(Extracted records)
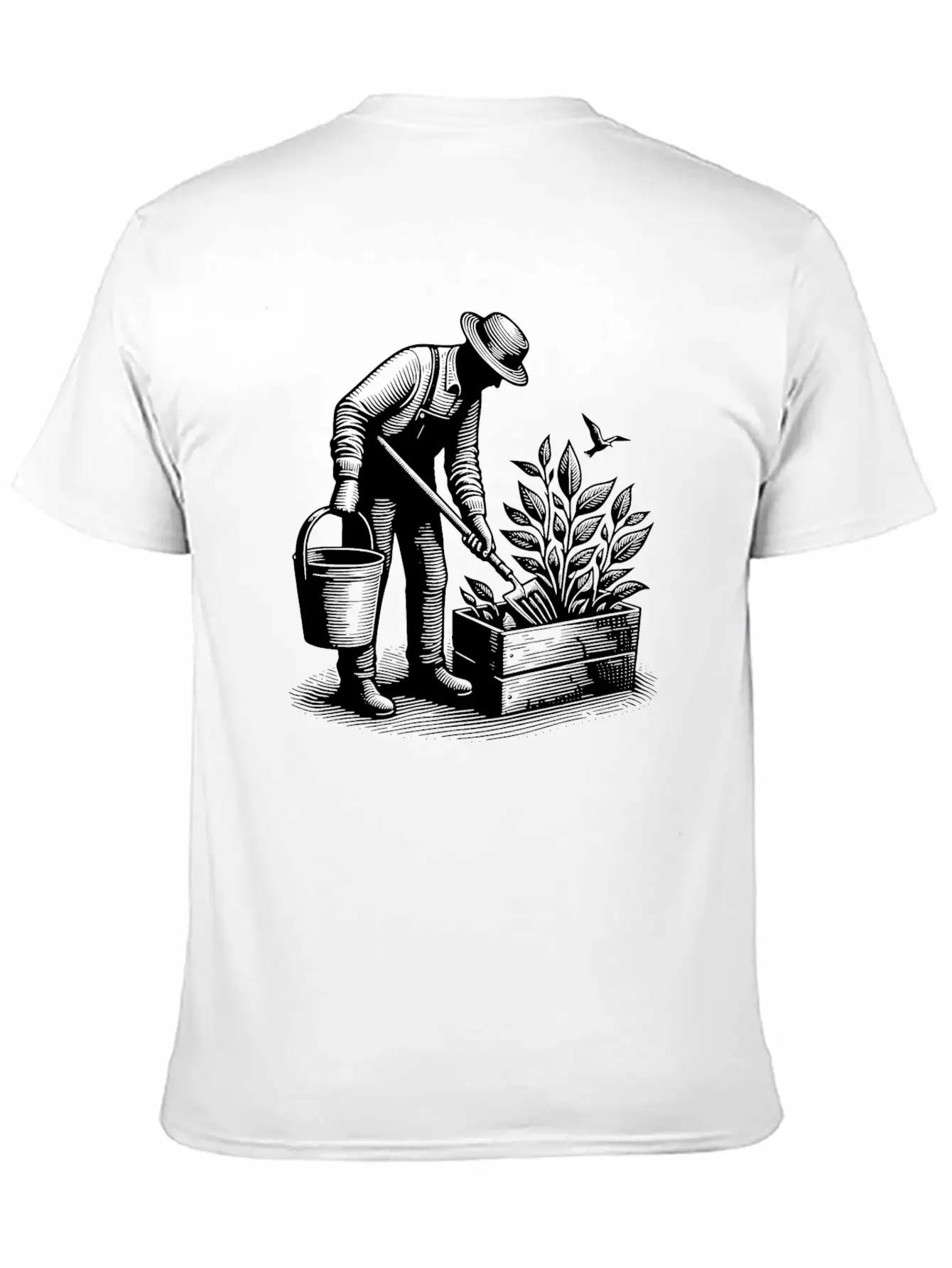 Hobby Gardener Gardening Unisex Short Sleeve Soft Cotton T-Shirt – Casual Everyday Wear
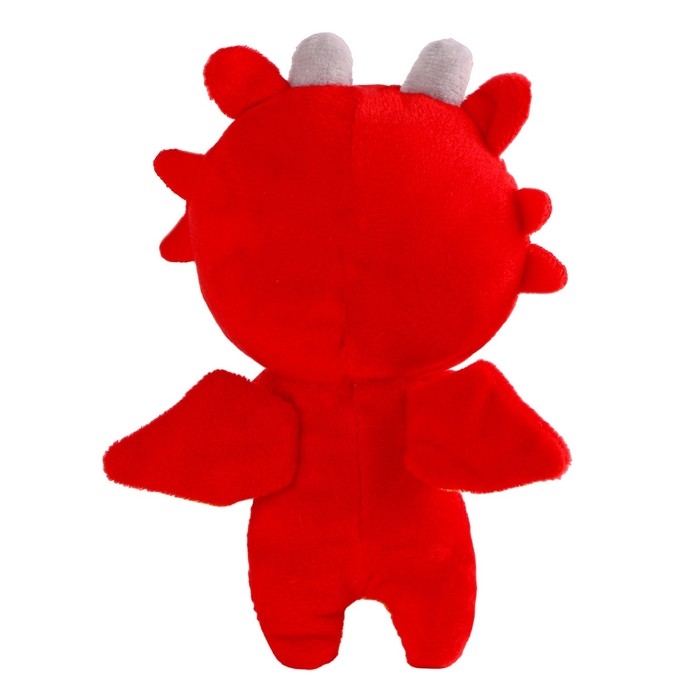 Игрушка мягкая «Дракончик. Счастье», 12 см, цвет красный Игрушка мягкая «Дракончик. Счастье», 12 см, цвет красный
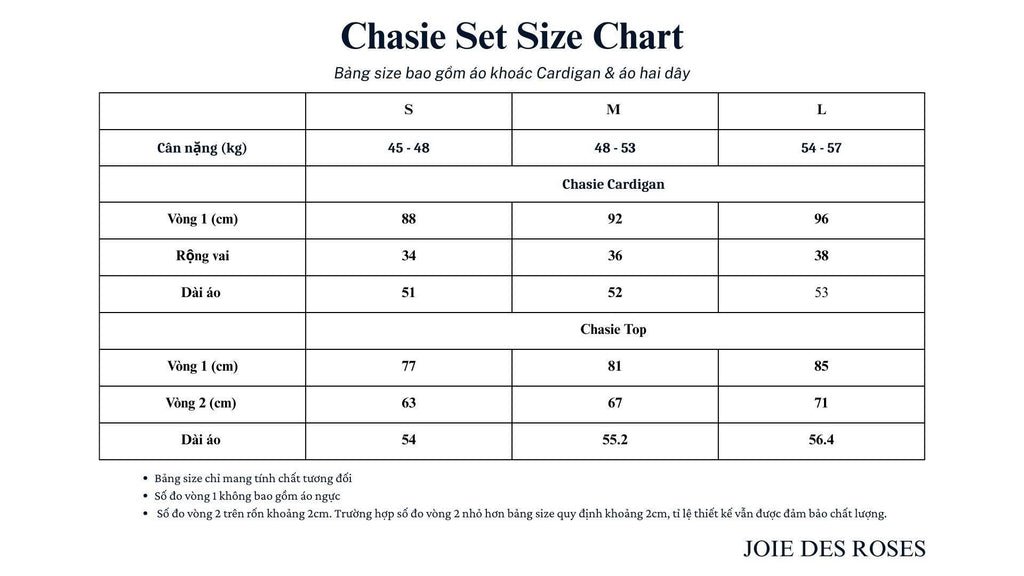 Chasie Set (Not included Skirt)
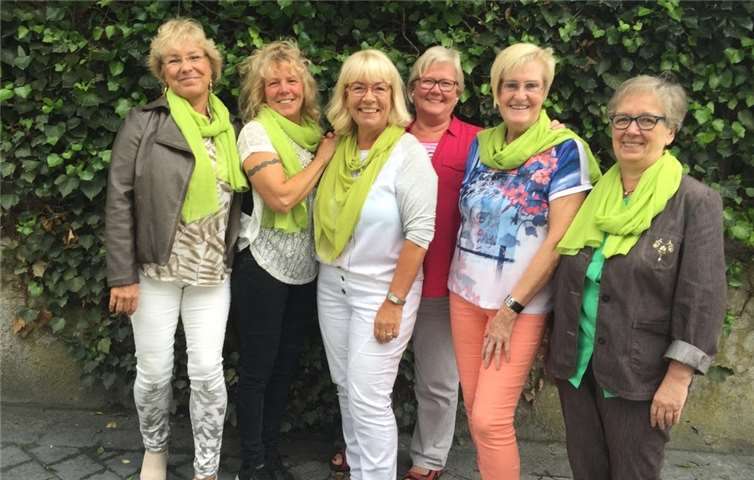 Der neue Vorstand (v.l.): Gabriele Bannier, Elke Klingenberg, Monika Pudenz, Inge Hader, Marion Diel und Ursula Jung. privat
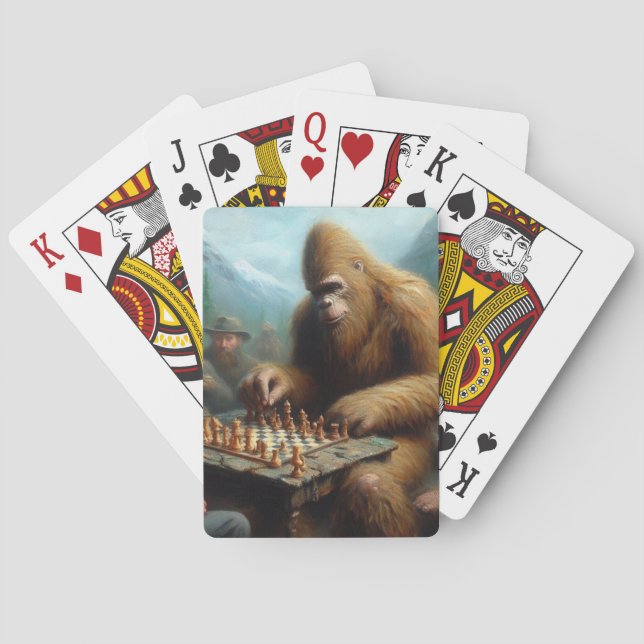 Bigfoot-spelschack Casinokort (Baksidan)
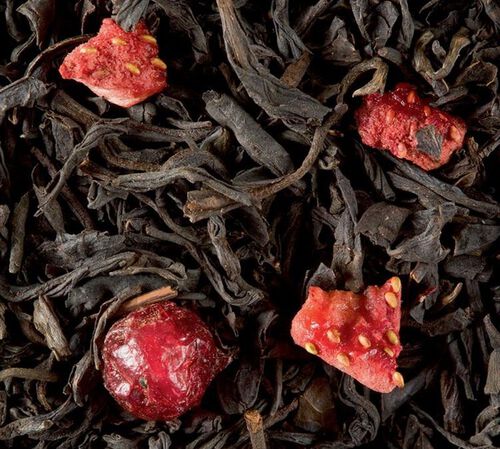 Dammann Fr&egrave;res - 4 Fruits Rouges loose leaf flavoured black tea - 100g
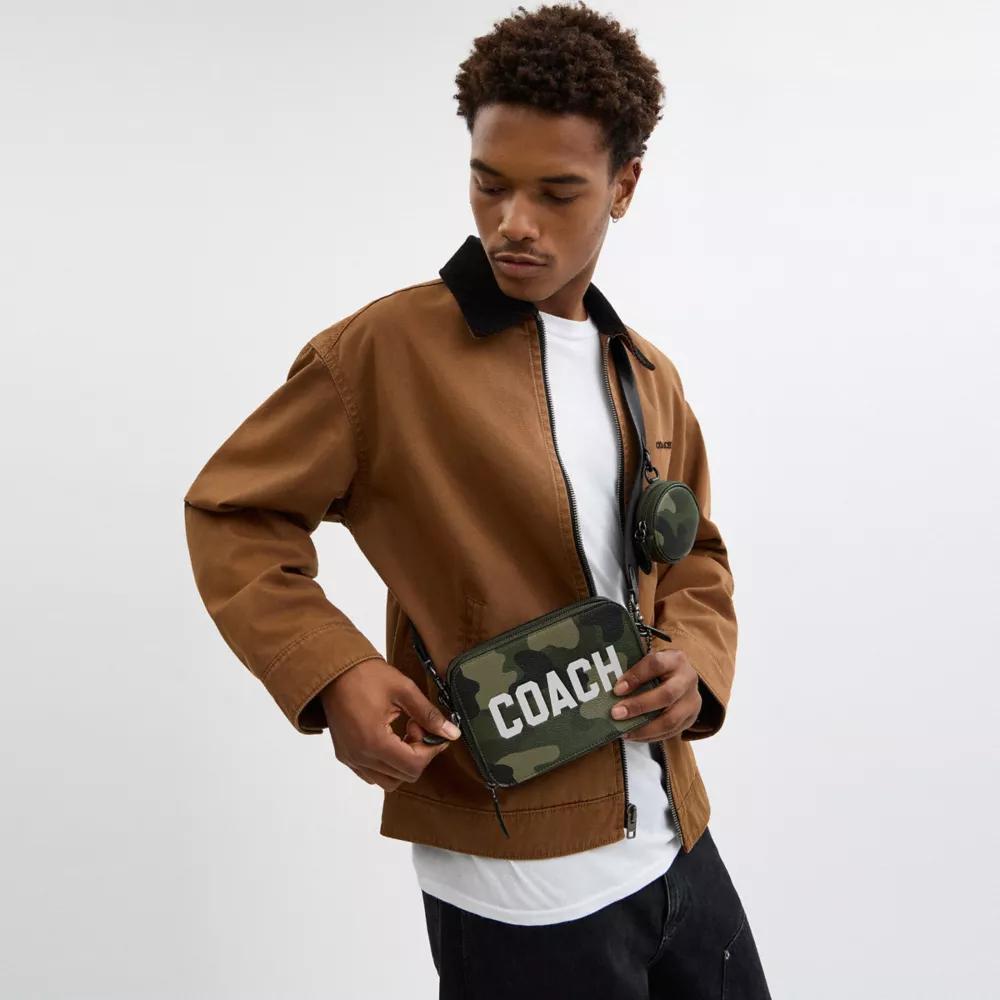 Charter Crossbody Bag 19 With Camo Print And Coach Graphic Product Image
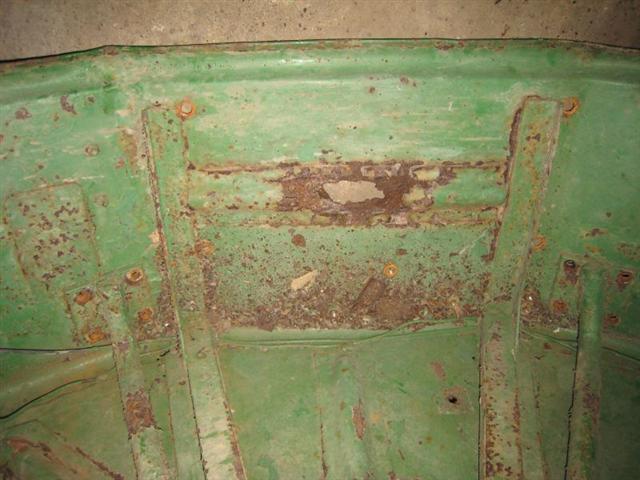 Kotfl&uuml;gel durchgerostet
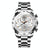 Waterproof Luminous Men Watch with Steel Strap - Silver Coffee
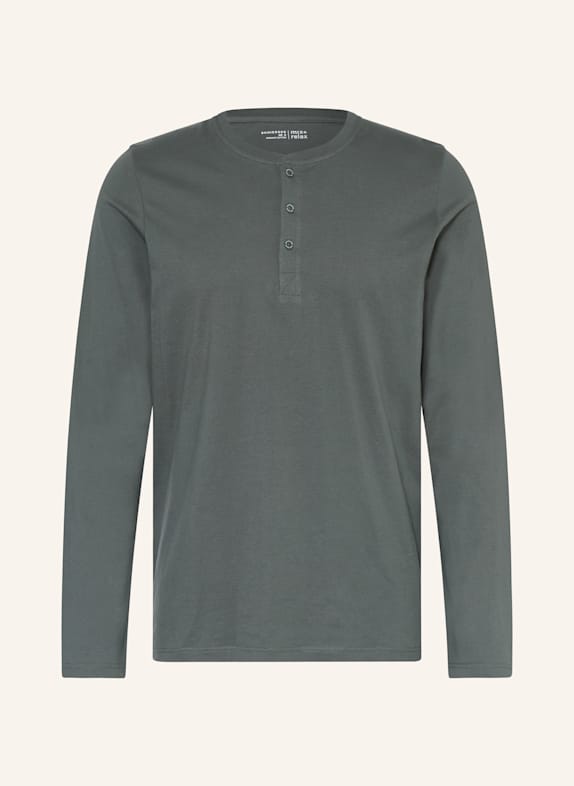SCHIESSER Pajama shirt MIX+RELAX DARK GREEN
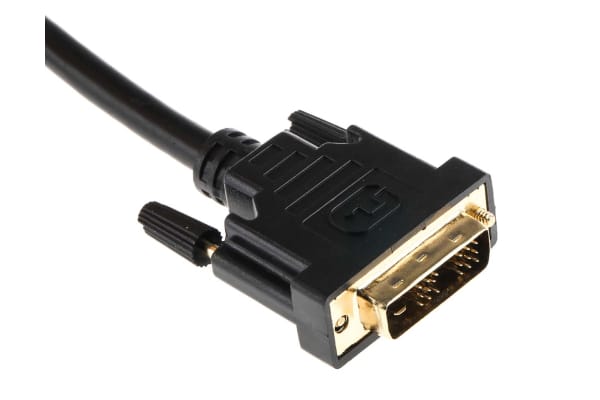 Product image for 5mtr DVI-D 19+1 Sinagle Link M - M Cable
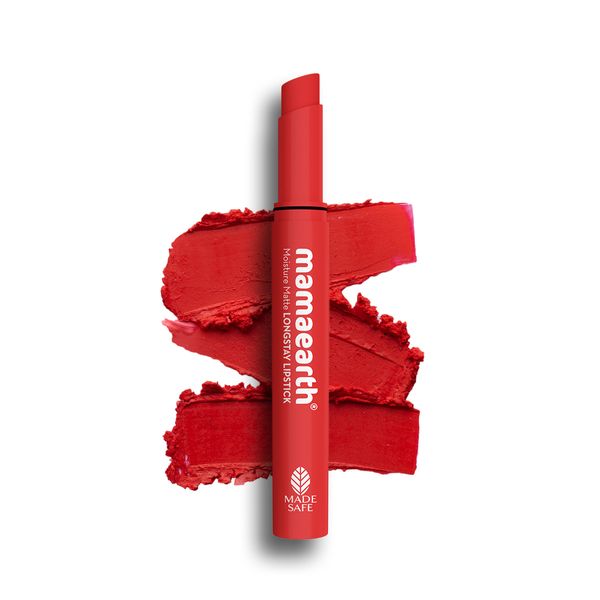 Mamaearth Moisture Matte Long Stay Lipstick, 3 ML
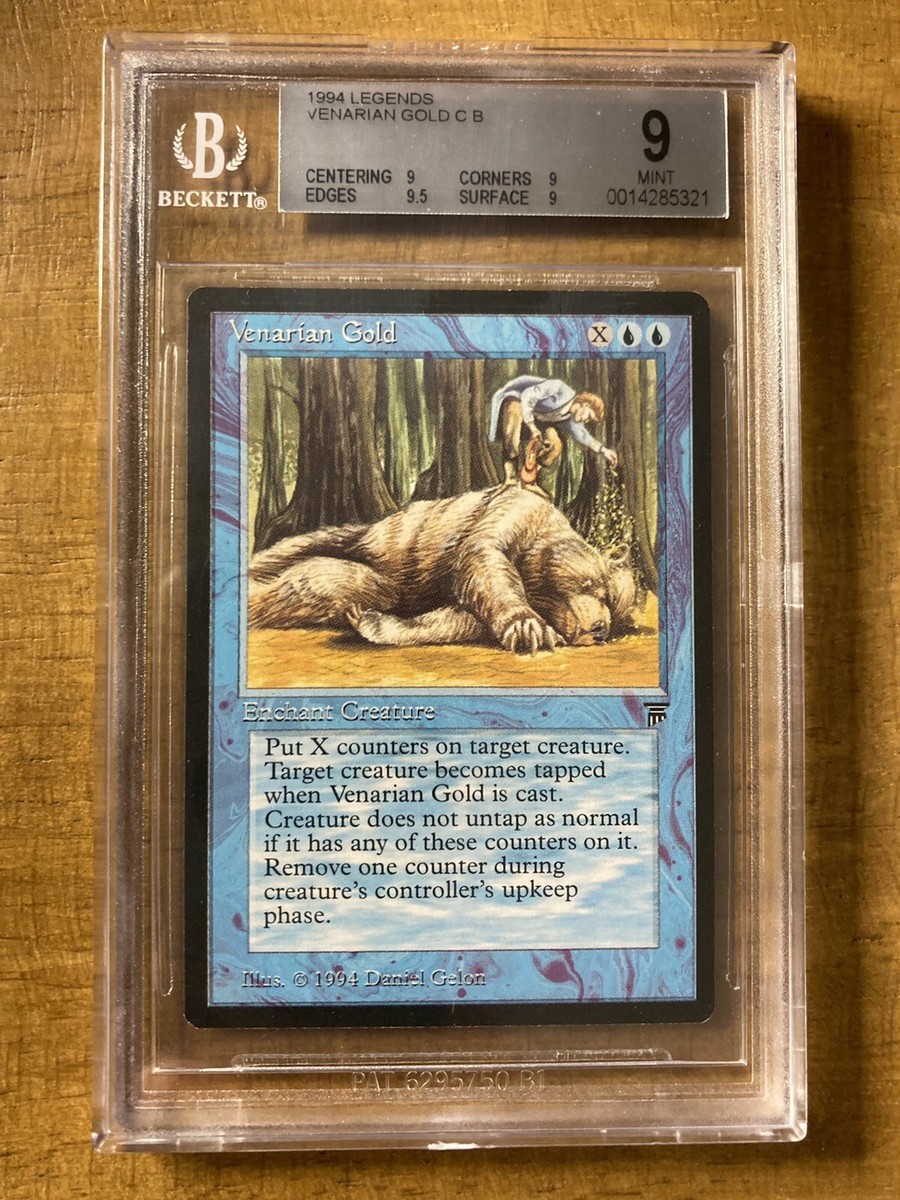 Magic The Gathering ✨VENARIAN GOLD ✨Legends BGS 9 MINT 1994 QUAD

Work request ▸
Precisely the lines from the one containing "Mamaearth Moisture Matte" to the end of the data above, both included, should be printed; leave the pictures out.

Solution for this exercise ▸
 Mamaearth Moisture Matte Long Stay Lipstick, 3 ML
 Magic The Gathering ✨VENARIAN GOLD ✨Legends BGS 9 MINT 1994 QUAD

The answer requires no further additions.